Taiwanese politician (born 1959)

Huang Hsien-chou (黃顯洲; born 28 February 1959) is a Taiwanese engineer and politician. He served in the Legislative Yuan from 1999 to 2002.

==Education==
Huang attended three primary schools—Chengkung, Lishin, and Kaungfu—and graduated from the Jujen Middle School and the Provincial Taichung First High School, all in his native Taichung, before enrolling at National Taiwan University, where he graduated with a Bachelor of Science (B.S.) in agricultural engineering. In 1985, Huang earned a master's degree in engineering management from the Illinois Institute of Technology.

==Career==
Huang was employed by the Taiwan Provincial Government as an engineer and consultant, and served on the second convocation of the National Assembly. He was also a member of Taichung's urban development association, as well as the agricultural and hydraulic affairs association, and an evaluator for the Construction and Planning Agency, a division of the Ministry of the Interior. He held lectureships at Tunghai University and the China College of Engineering and Commerce.

In 1998, Huang was elected to the Legislative Yuan as a Kuomintang representative of Taichung City, and also served the Legislative Yuan's Sci-tech and Information Committee as member and convenor. In September 2001, he published the results of a review into the use of hands-free mobile phone accessories, such as earpieces. Huang lost reelection in December 2001. That same year, he had also participated in primaries to determine the Kuomintang's candidate for the Taichung mayoralty, a position that would be contested during the local elections.

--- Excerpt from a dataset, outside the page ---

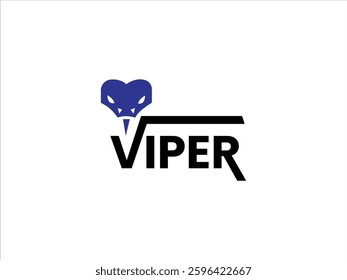 Black simple stylish viper logo design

During a press conference on 2 January 2002, Huang claimed that he had been kidnapped between 27 and 31 December 2001, and that his captors drugged, restrained, and stole NT$800,000 from him. Tsai Hsiang-chun led the investigation into the case, which involved escort Chan Hui-hua, businessman Yu Hung-tsan, and later, Chan's brother Chan Fu-shun. Chan Hui-hua claimed that Huang hired her and other women for a sadomasochistic sex party at the Grand Hyatt Taipei, and Chan Fu-shun stated that he had watched Huang take marijuana and MDMA. Chan Hui-hua and Yu Hung-tsan were indicted in April 2001, and Huang made his first testimony to the Taipei District Court that June. Legal proceedings lasted five years, and ended with the Supreme Court sentencing Chan Hui-hua to seven years and six months imprisonment and Yu Hung-tsan to seven years imprisonment.

==Personal life==
Huang Hsien-chou is married to Wang Liang-yue. His sister Huang Chiao-ling was killed by a drunk driver in 2012. Another sister, Huang Hsin-hui, has served on the Taichung City Council. His nephew is Sean Liao.